Last time, I tried to do something special because the topic was neural networks. Now we're back to the usual style, but with an unusually easy topic. To fit this theme, it will be a particularly image-heavy post.

The idea of nearest neighbor predictors is to predict the target value of a point based on the target value of the most similar points in the training data. For example, consider a regression problem with $X = R^{2}$ and $Y = R$ , the following training data, and the new red point:

The $(x, y)$ position of the points corresponds to their value in $X = R^{2}$ . The number next to them corresponds to their target value in $Y = R$ . (The four closest points just happen to have target values 1-4 by coincidence.) The other training points also have target values, which are not shown – but since they're real numbers, they are probably things like $35.23412576354868569754543639946795856858465745654965464964534...$ .

This picture begs the question of how many neighbors to take into account. This is a parameter: in a $k$ -nearest neighbor scheme, we consider the target values of the $k$ nearest instances. In the instance above, if $k = 1$ , we have the following situation:

(Note that the circle just demonstrates which points are closest – we do not choose all points within a fixed distance.)

For $k = 2$ , we have two inputs and need to decide what to do with them. For now, we simply declare that the label of our red point will be the mean of all $k$ neighbors.

$k = 3$ :

$k = 4$ :

If the function we're trying to learn here is something like distance from a center and the red point is precisely at that center, then the scheme gets worse and worse the larger $k$ becomes.

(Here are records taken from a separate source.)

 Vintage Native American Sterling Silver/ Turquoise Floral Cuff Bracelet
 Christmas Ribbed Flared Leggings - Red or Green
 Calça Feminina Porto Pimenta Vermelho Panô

On the other hand, suppose the instance looks like this instead:

where the new point is an unfortunate outlier. In this case, the situation would be somewhat improved for larger $k$ . In general, $k = 1$ means that every point will get to decide the target values of some new training points (unless there are other training points with identical positions). Here is an image that shows, for each point, the area in which that point will determine the target value of new points given that $k = 1$ :

This is also called a Voronoi diagram, and it has some relevance outside of Machine Learning. For example, suppose the red dots are gas stations. Then, for any point, the [red instance determining the cell in which that point lies] represents the closest gas station.

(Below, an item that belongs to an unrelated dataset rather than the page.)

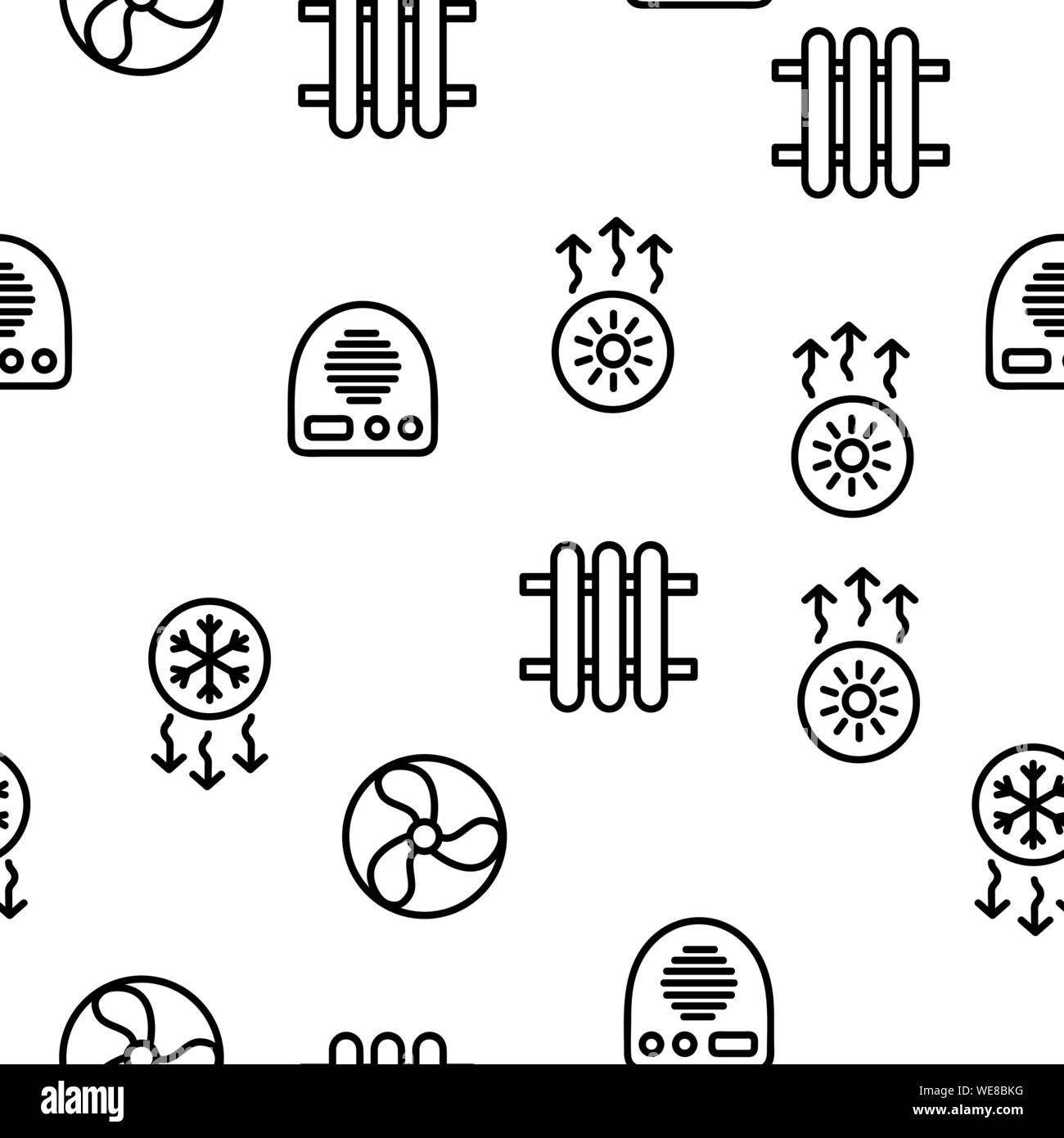 Heating And Cooling System Vector Seamless Pattern Stock Vector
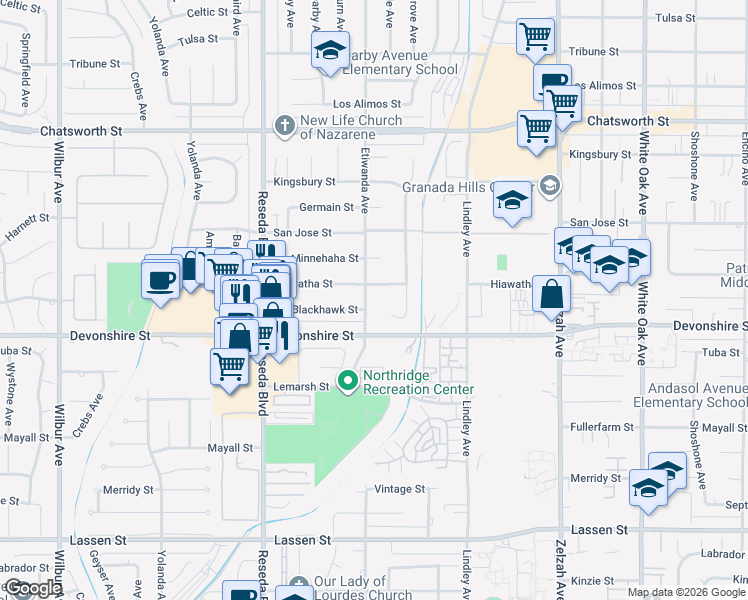 map of restaurants, bars, coffee shops, grocery stores, and more near 10338 Etiwanda Avenue in Los Angeles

However, for machine learning, this might not be great – just suppose the green point is a crazy outlier. Should it get to decide the target values of new instances in its cell? Another way to describe this problem is that the [function that such a nearest-neighbor predictor will implement] is highly discontinuous.

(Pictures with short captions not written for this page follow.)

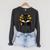 Mystic Cat With Spell Book Candle Flowers Witchcore Men Women Kids Raglan Sleeve Sweatshirt Dark Grey Heather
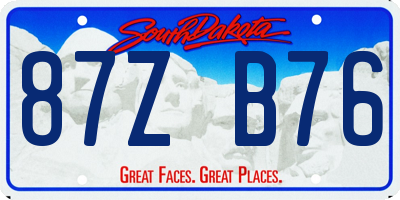 SD license plate 87ZB76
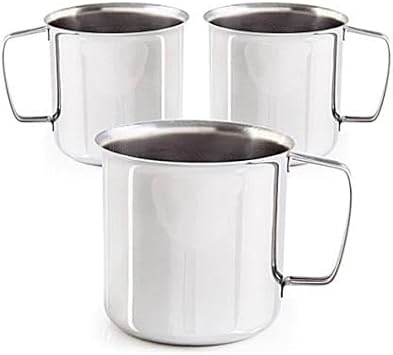 3 Unbreakable Table D'Hôte Cups Stainless Steel Metal Water Cup 250ml Mug Cup with Lifetime Handle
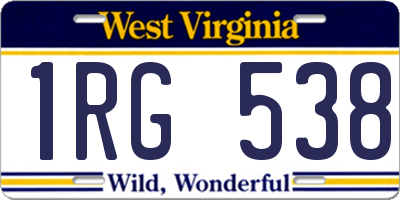 WV license plate 1RG538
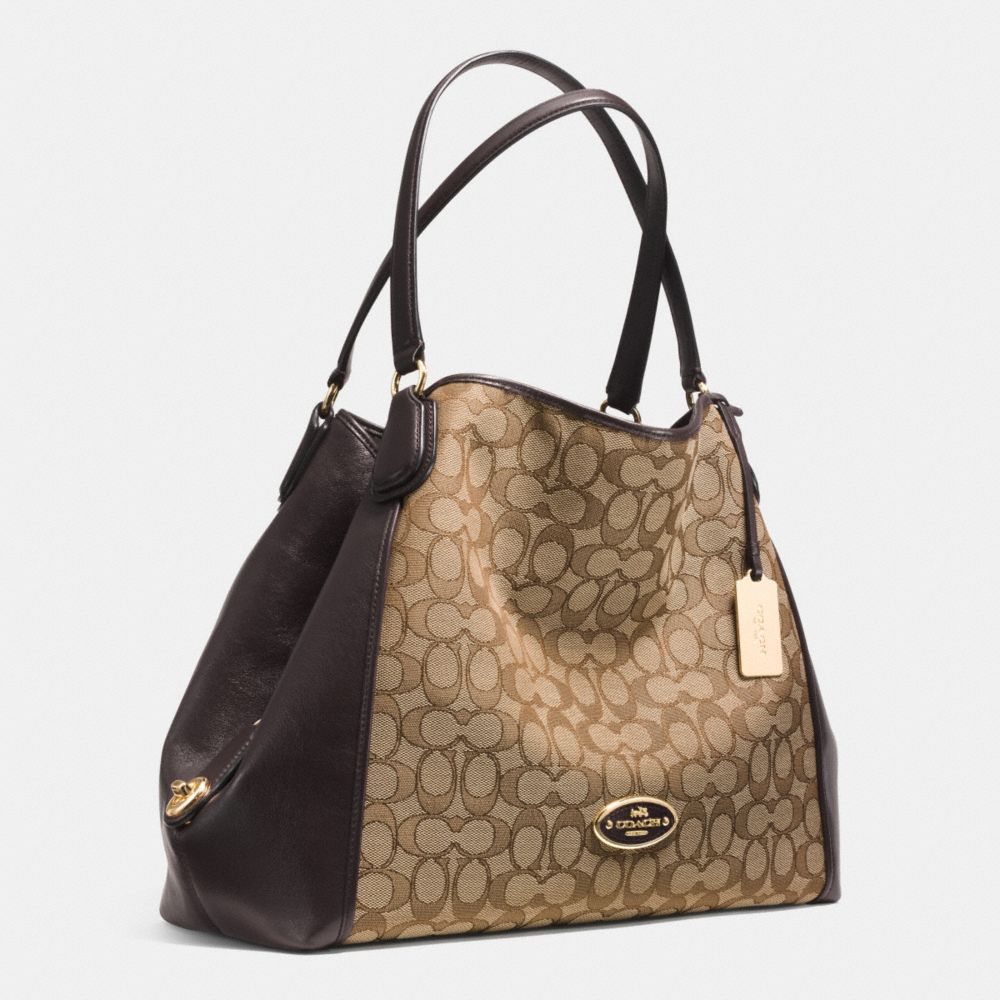 Coach Edie Shoulder Bag In Signature Jacquard in Brown (LIGHT GOLD/BROWN/BLACK) | Lyst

In general, the more variance there is in the training data, the larger $k$ should be, but making $k$ larger will, in general, decrease accuracy – the well-known tradeoff. In that sense, one is applying a little bit of prior knowledge to the problem by choosing $k$ . But not much – consider the following instance (this time with $X = R$ ):

A linear predictor would probably assign the red point a value that continues the trend – something like $7.000000000142$ . This is because linear models work on the assumption that trends are, in some sense, more likely to continue than to spontaneously revert. Not so with nearest neighbor schemes – if $k = 1$ it would get the label 6, and for larger $k$ , the label would become smaller rather than larger. In that way, nearest neighbor schemes make weaker assumptions than most other predictors. This fact provides some insight into the question of when they are a good choice for a learning model.

One can also use a weighted average as the prediction, rather than the classical mean. Let's return to our instance, and let's use actual distances:

One way to do this is to weight each prediction proportional to the inverse distance of the respective neighbor. In that case, this would lead to the prediction

$\frac{{12.22}^{- 1} \cdot 1 + {18.63}^{- 1} \cdot 2 + {28.76}^{- 1} \cdot 3 + {30.88}^{- 1} \cdot 4}{{12.22}^{- 1} + {18.63}^{- 1} + {28.76}^{- 1} + {30.88}^{- 1}} \approx 2.08736$

where the denominator is there to normalize the term, i.e., make it as if all weights sum up to 1. (You can imagine dividing each weight by the denominator rather than the entire term; then, the weights literally sum up to 1.) In this case, the function we implement would be somewhat more smooth, although each point would still dominate in some small area. To make it properly smooth, one could take the inverse of [the distance plus 1] (thus making the weights range between $0$ and $1$ rather than $0$ and $\infty$ ) and set $k = m$ so that all training points are taken into consideration.

Note that I've been using regression as an example throughout, but decision trees can also be used for classification problems. In that case, each point gets the label which is most popular among its neighbors, as decided by a (weighted) majority vote.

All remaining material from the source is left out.